HOUGH, Ralph, of Newcastle-under-Lyme, Staffs.

Published in The History of Parliament: the House of Commons 1386-1421, ed. J.S. Roskell, L. Clark, C. Rawcliffe., 1993
Available from Boydell and Brewer

Family and Education

m. Maud, at least 1da.1

Offices Held

Biography

This MP is first mentioned in February 1382, when he and another influential local figure, William Thickness*, witnessed a deed for the prior of Trentham. If, as seems likely, he was a kinsman of Hugh Hough (d. by 1386) of Shavington in Cheshire, then he and Thickness must have been related by marriage, perhaps even being brothers-in-law. At all events, most of the evidence which has survived to illuminate Hough’s career concerns his association with William and his family.
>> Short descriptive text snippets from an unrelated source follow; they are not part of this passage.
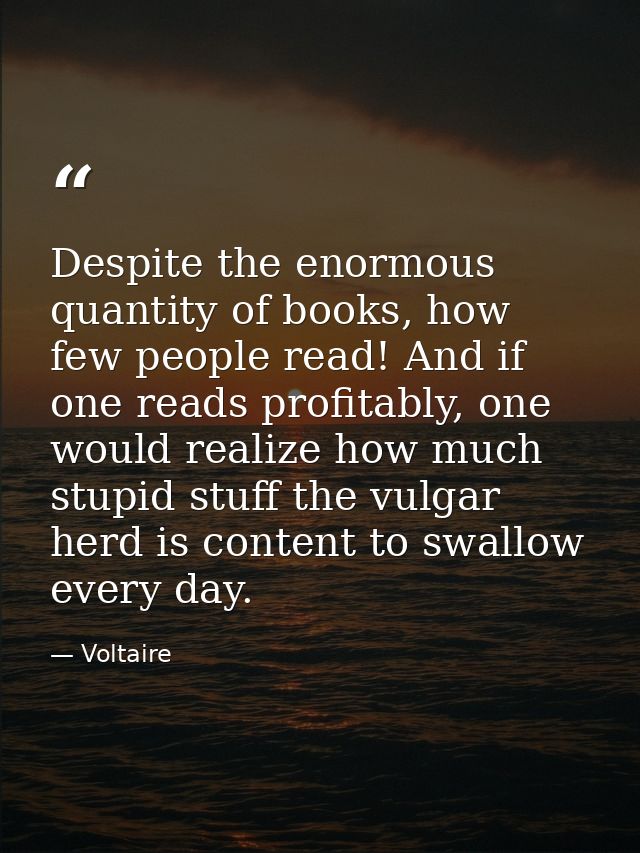 Despite the enormous quantity of books, how few people read! And if one reads profitably, one would realize how much stu — Voltaire
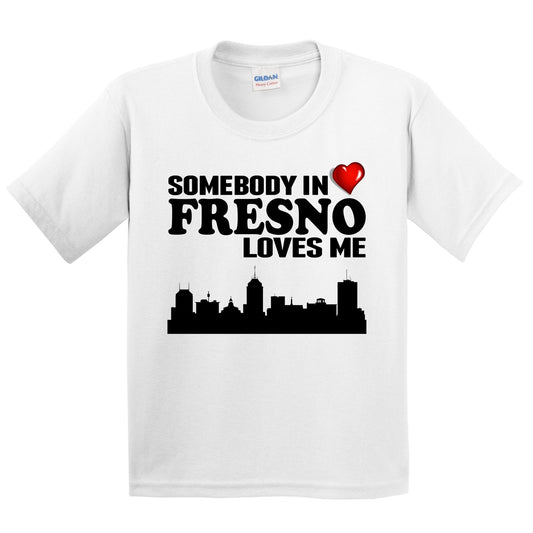 Somebody In Fresno Loves Me Kids Youth T-Shirt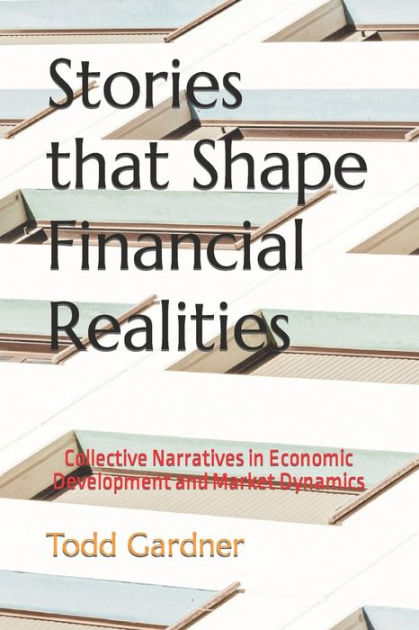 Stories That Shape Financial Realities Collective Narratives In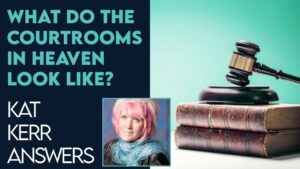 Kat Kerr: What Do Court Rooms In Heaven Look Like? | Feb 1 2023 - Encounters, Heaven Trip, Testimonies - ElijahClips
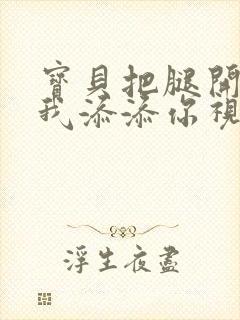 宝贝把腿开大让我添添你视频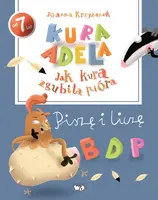 Okładka: Jak kura zgubiła pióra. Piszę i liczę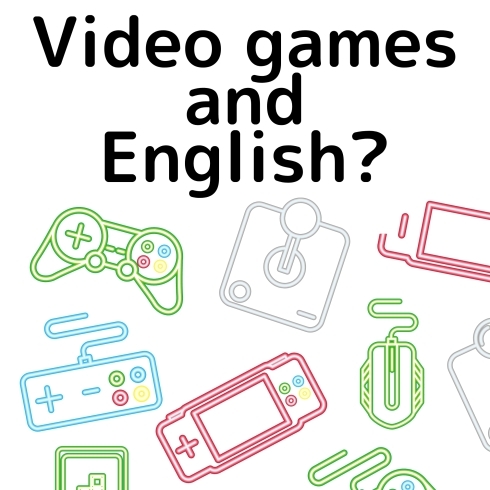Video games and English「Teacher'sコーナー180号 Video games and English, does it work?【千葉のならいごと　英会話スクール】」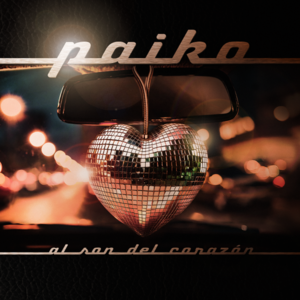 Paiko presenta “Al Son del Corazón”: un viaje sonoro con identidad y sentimiento - «TVS DIGITAL»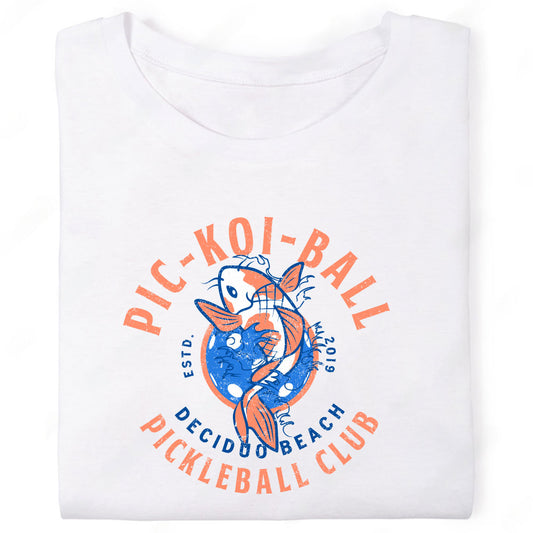 Pic-Koi-Ball Deciduo Beach Pickleball Club Japanese Koi Fish T-Shirt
The two men sat together for Newcastle in the Parliament of April 1384; and seven years later, when Hough was returned with William’s half-brother, Thomas*, his friend’s son, Nicholas, agreed to act as one of his mainpernors. In February 1392 he and William were acquitted from the charge of receiving suspected murderers at Newcastle some four years before, so they evidently collaborated as partners in crime, too. Although he is not known to have held municipal office, Hough was clearly a figure of some consequence in the borough, as can be seen from his appearance in 1394 as a mainpernor for the newly elected serjeant of the merchant guild. He was probably quite old when, in the autumn of 1409, Richard and Joan Thickness settled the remainder of their property in the Staffordshire villages of Audley, Betley and Balterley, first upon his daughter, Ellen, and then, in default of her issue, upon him and his wife. It is interesting to note that the above-mentioned Nicholas Thickness also had an interest in the estate.2

Ref Volumes: 1386-1421

Author: C.R.

Notes

Variant: Hogh(e).

  • 1. Wm. Salt Arch. Soc. xi. 219. The John Hough of Newcastle who was sued for debt in 1421 may possibly have been the MP’s son (ibid. xvii. 75).
  • 2. T. Pape, Med. Newcastle-under-Lyme, 162; C219/9/8; Wm. Salt Arch. Soc. xi. 219, 328; xvi. 29.